Trotz der beeindruckenden Fortschritte gibt es noch erhebliche Hürden. Kritiker weisen darauf hin, dass biologische Chips bislang kein Langzeitgedächtnis besitzen und Gelerntes schnell wieder vergessen. Brett Kagan, Chefwissenschaftler von Cortical Labs, räumt ein, dass die Zellen derzeit wie absolute Anfänger spielen, die noch nie einen Computer gesehen haben. Das Unternehmen arbeitet intensiv daran, die Trainingsmethoden zu verbessern, damit der Chip künftig auch kompliziertere Aufgaben übernehmen kann. Mögliche Anwendungen liegen beispielsweise in der Steuerung von Robotern oder in der Entwicklung neuartiger Computerarchitekturen.
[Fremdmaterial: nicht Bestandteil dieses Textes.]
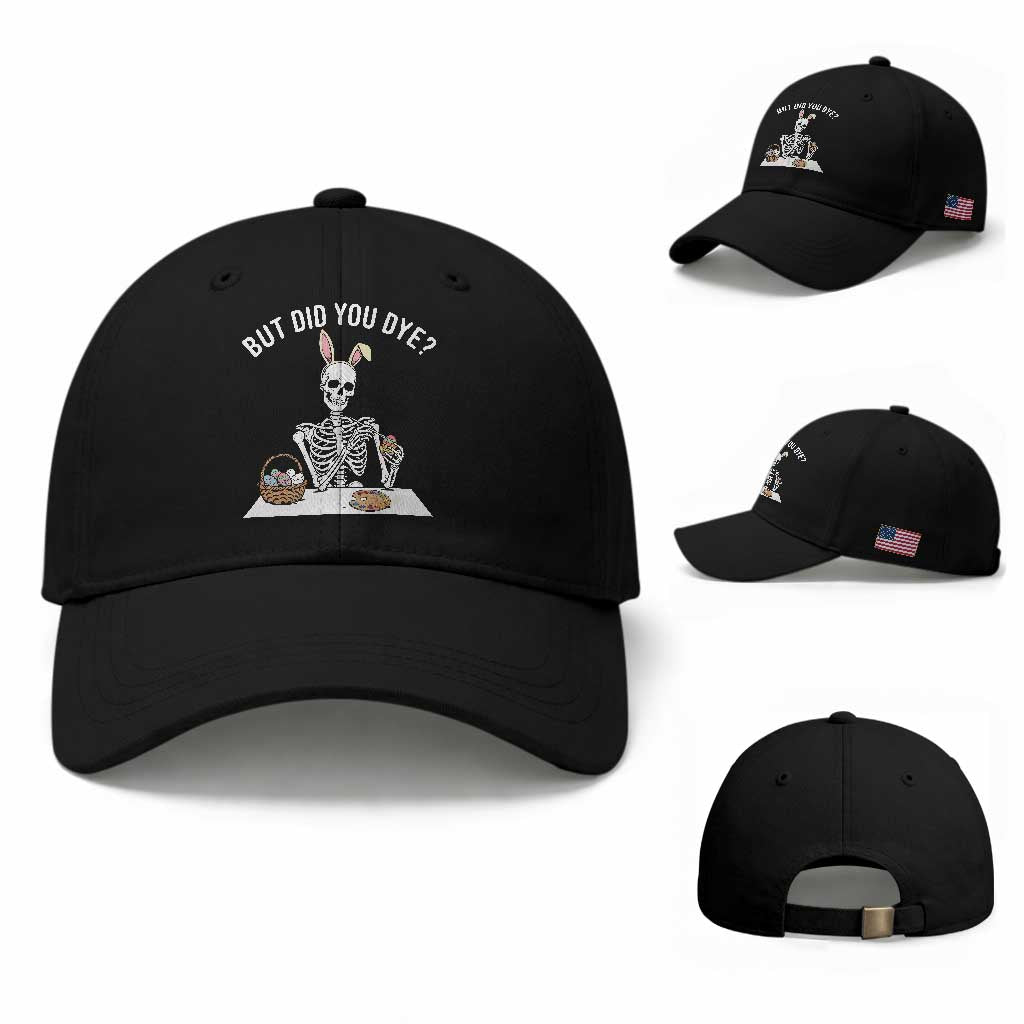 But Did You Dye Baseball Cap Funny Easter Skeleton Painting Eggs TS14 Baseball Cap Universal Fit Black Print Your Wear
Doom, das im Jahr 1993 veröffentlicht wurde, gilt als einer der Klassiker unter den Computerspielen und war einer der ersten Titel mit dreidimensionaler Grafik. Die aktuelle Forschung von Cortical Labs zeigt, wie die Grenzen zwischen Biologie und Technologie zunehmend verschwimmen und neue Möglichkeiten für die Interaktion von lebenden Systemen mit digitalen Umgebungen eröffnet werden.